Jesus's Humor - Part Six - Exaggeration
A lot of humor is based on exaggeration. This exaggeration often suggests the funny physical gestures that accompanied it when it was delivered. Much of what Jesus says is "over the top" and it wouldn't have convinced anyone at all if the people of his time didn't see the humor in it. A lot of his words would have simply come across as crazy to a general audience if it wasn’t made entertaining.
People clearly "got" Christ's exaggerated humor for centuries and centuries. Remember, the movement was started with Jesus’s words written in Greek. People read it and understood his exaggerated illustrations as entertaining. It wasn't until Christianity was "tamed" by an established dogma that the humor and exaggeration were largely filtered out of his words. The Greek Bible became the Latin Vulgate and, in the process, more formalized. That process continued as the Vulgate gave birth to the various translated Bibles including the KJV, with every version focusing on the "religious" issues of its particular age.
Simple Exaggeration
Humorous exaggeration can be very simple, sometimes so simple that people miss the humor in it. Repetition, the topic of my last article on Jesus’s humor, is a simple form of exaggeration. I recently watched an interview with Elon Musk on the Babylon Bee, and they discussed Musk’s tweet that he was starting a candy company. He followed this tweet with another tweet saying, “I’m really, really serious.” He explained that the repetition of “really” was a giveaway that he was joking.

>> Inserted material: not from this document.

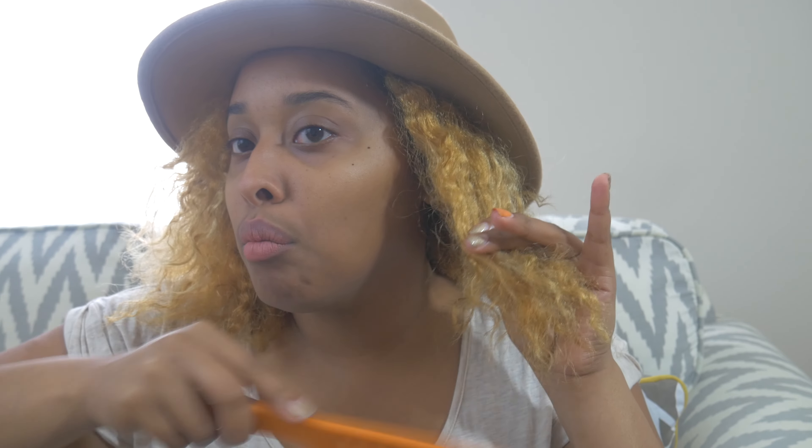Another tip is to use a wide-tooth comb. A lot of times our ends look raggedy because we're pulling at them with a comb or brush that's too harsh. With a wide-tooth comb like this one, you're able to rake through your hair more easily. Always start at the ends first, and it helps to have a leave-in or deep conditioner in your hair when you're doing this. Never comb your hair dry — ever. Always work your way up when using your wide-tooth comb.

In hearing this, I instantly connected it with Jesus’s repetition of “amens” in the Gospel of John (an example here). Since the word means “honestly,” exaggerating it by repetition is a clue that it was offered as self-deprecating humor. Notice, however, how this gets translated out of the NIV, which translates “honestly, honestly,” as “very truly.” This hides the humor making Jesus’s words seem more “normal” and less quirky. Personally, I prefer the real Jesus, the quirky one. Since this repetition of “amen” is seen consistently in John and missing in the other Gospels, I suspect the other Gospel writers edited out the repetition as unnecessary, not realizing the importance of its humor, even though it is a small thing.
More Foreful Exaggeration
No one can read Jesus’s verse about seeing a speck in our brother's eye while missing the beam or plank in our own without being struck by how exaggerated it is. It is easy to imagine this being performed in front of a crowd with Jesus acting as if he has a "beam" in one eye. This is very broad humor, slapstick, but Jesus wasn't afraid of embarrassing himself by seeming childish or, as he said, “the child of the man.”
Unfortunately, people reading Jesus today take every humorous exaggeration as serious. For them "a beam in the eye" is something that has to be explained logically, rather than as something absolutely typical of Jesus’s humorous exaggeration. So, people don't hear the "weeping and gnashing of teeth" as a humorous exaggeration to make a point, as much as the Truth, with a capital "T."
Taking such phrases seriously makes Jesus sound like a really grim character, but that is not the way he acts. He acts as though he was the groom at a wedding feast. His first miracle was changing water into wine. People had already drunk all the wine, but Jesus saw it as important that the party continue. Not only that, they needed better wine! This is not the action of a grim, judgmental person.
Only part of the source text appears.